As the contract provides that it was not to be binding until executed and delivered but does not specify the form of delivery, and as plaintiff does not argue that delivery means receipt, the IAS court correctly held that defendant accepted plaintiff's offer to purchase when it mailed a fully executed copy of the contract to plaintiff (see Buchbinder Tunick & Co. v Manhattan Natl. Life Ins. Co., 219 AD2d 463, 466 [1995]) on September 10, 2001, three days before plaintiff purported to revoke his offer. Defendant's officer's sworn statement attesting to such mailing is competent evidence thereof (see Tungsupong v Bronx-Lebanon Hosp. Ctr., 213 AD2d 236, 237 [1995]). Nor is an issue of fact as to whether there was a mailing raised by plaintiff's bare denial of receipt (see Nassau Ins. Co. v Murray, 46 NY2d 828 [1978]).
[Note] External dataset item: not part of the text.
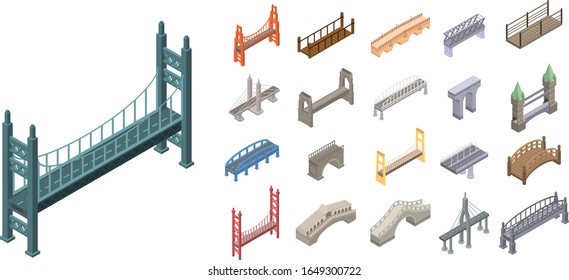 Bridges icons set, isometric style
However, the IAS court erred in holding that no issues of fact exist as to whether the subject unit sustained "loss or damage" prior to closing as would entitle plaintiff to cancel the contract under the risk of loss provision. In this regard, defendant failed to make a prima facie showing that the unit, which was located two blocks south of the World Trade Center in Battery Park City, was not damaged on September 11, 2001 (see Winegrad v New York Univ. Med. Ctr., 64 NY2d 851, 853 [1985]). The real estate broker's affidavit on which defendant relies does not say when she inspected the unit, does not explain how she determined that the unit was not damaged and whether she retained any experts for that purpose, and does not plainly state that the unit was accessible or even habitable between September 11 and the September 30, 2001 closing date.
We have considered plaintiff's other arguments and find them unavailing. Concur—Buckley, P.J., Andrias, Saxe, Williams and Gonzalez, JJ.